We live in interesting times. Pop-Opera blokeys The Divine Comedy being produced by Nigel ‘Radiohead‘ Godrich? He’s going to make them all depressed! He’s going to lose their all-important ‘Joie de Vivre’ and turn their songs into rambling, formless bastard-children! Run for the hills!
Which makes it even sweeter when they’re not. In fact, if anything, Godrich can only make the canvas this band paints on more expressive – like giving an already gifted artist a new colour to work with. Although this colour often seems to be a murky brown, this isn’t a colour you would often associate with Neil Hannon and his cohorts. This is ‘regeneration’.
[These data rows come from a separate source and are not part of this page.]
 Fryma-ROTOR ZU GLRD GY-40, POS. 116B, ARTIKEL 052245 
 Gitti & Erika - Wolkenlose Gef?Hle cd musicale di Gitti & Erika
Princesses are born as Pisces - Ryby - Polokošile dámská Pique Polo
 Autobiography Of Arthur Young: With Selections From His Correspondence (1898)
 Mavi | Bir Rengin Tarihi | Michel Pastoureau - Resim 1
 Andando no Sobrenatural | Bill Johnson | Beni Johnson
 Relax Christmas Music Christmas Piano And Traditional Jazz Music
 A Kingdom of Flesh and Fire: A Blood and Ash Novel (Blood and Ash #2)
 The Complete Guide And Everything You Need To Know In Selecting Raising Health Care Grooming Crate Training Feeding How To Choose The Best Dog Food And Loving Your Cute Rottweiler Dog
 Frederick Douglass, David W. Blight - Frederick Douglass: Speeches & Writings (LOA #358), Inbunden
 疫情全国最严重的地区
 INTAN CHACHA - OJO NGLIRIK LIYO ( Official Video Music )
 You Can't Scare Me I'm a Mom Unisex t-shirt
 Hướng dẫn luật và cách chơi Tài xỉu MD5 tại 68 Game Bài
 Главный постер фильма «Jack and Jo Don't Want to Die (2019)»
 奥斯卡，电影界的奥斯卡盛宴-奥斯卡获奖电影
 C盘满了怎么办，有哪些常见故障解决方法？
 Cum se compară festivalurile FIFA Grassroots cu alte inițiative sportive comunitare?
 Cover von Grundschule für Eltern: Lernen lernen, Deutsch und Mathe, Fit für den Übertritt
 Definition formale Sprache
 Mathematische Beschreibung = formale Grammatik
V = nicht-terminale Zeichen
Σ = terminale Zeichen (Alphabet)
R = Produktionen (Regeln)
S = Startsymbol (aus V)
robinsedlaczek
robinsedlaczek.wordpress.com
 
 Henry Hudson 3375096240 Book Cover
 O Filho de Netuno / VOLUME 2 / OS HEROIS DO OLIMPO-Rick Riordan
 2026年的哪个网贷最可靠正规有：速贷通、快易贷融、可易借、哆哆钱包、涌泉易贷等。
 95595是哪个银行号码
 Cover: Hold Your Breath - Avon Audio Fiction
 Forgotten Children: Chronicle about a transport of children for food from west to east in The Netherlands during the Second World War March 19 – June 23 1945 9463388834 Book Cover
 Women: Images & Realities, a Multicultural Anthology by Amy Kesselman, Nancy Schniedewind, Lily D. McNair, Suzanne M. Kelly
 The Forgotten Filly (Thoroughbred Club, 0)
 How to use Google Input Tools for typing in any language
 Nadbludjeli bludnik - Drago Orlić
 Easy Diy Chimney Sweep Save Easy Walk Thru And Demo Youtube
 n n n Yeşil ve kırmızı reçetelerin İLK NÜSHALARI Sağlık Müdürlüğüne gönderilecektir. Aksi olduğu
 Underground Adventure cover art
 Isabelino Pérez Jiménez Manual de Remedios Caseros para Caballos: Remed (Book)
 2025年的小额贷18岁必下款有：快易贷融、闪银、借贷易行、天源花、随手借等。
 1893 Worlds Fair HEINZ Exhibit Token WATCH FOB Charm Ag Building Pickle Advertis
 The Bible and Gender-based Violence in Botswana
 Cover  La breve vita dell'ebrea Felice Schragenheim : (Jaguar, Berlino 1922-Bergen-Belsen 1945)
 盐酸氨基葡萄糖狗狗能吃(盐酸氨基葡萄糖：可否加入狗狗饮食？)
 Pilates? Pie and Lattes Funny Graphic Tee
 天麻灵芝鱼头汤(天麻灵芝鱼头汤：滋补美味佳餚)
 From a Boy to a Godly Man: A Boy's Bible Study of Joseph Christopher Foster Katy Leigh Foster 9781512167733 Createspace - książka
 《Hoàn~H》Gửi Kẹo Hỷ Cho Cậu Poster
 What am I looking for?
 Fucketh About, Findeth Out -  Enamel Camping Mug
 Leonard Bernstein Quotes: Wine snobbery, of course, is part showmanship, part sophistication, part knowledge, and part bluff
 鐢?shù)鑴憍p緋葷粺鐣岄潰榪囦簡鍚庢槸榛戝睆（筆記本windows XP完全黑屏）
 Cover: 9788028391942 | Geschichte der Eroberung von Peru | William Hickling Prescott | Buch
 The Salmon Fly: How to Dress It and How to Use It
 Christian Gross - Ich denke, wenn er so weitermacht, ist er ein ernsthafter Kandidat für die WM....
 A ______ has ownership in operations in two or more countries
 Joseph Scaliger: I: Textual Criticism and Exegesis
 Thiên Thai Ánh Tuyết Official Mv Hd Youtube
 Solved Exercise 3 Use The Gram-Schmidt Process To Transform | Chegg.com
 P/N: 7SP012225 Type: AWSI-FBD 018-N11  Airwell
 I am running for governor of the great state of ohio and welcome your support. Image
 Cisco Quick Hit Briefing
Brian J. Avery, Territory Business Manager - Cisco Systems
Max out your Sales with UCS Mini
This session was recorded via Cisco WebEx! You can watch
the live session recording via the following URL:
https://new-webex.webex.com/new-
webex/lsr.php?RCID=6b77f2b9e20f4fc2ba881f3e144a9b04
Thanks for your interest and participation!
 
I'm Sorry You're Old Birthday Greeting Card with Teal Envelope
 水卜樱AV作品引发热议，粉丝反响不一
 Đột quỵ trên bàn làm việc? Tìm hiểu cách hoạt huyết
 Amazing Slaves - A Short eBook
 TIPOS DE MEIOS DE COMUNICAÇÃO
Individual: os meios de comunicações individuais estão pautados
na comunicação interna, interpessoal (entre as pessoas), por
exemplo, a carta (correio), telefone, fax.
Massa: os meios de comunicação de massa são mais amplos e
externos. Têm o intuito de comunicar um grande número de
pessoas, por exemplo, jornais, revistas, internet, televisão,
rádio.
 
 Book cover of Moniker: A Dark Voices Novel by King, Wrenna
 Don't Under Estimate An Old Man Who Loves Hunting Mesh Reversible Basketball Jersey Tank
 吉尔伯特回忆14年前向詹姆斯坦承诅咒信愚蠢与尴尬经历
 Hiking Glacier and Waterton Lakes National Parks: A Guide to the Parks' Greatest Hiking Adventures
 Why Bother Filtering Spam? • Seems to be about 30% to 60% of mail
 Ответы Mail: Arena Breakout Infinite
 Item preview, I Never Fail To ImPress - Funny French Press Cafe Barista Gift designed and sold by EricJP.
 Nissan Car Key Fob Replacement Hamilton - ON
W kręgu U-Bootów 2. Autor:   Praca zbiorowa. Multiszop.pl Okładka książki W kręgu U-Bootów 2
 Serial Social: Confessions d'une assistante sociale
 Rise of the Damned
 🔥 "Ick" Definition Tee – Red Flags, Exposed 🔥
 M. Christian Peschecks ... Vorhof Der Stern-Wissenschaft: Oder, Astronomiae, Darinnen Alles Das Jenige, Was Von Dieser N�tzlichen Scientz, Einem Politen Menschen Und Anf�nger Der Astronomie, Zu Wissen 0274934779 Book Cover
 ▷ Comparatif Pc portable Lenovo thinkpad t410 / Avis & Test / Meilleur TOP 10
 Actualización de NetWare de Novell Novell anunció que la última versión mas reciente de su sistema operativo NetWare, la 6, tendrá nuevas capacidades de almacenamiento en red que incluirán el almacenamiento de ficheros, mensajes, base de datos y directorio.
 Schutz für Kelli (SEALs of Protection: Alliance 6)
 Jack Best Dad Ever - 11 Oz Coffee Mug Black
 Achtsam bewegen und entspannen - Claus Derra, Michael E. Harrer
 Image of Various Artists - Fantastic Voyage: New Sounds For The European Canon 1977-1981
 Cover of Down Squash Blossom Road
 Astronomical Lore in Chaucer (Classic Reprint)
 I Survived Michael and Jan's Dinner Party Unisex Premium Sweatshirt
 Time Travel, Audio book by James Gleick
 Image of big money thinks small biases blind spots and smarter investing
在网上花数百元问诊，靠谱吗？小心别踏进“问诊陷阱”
Formless bastards they are, with echoed vocals and atmospherics. All is not pop in Hannon’s head no more, baby, and he’s here to sing about it too, as the Plath-esque Note To Self scares us into submission – “What the fuck is happening? Where has everybody gone? What the hell is going on? There is nothing as frightening as being alone.” Its not exactly Something For The Weekend but when they can afford to omit this most poptastic of numbers, you can feel the self-conviction outweighing the self-doubt.
However, Hannon is truly majestic when he leaves all the gubbins behind for an acoustic solo of The Frog Princess and The National Express, with the crowd leading the bap-bap-baa’s out of devotion rather than necessity. And when the final electric song segues into Wham‘s Last Christmas, things do seem like they are getting truly absurd. But then who cares? It’s not even Christmas – which really does make this Divine Comedy.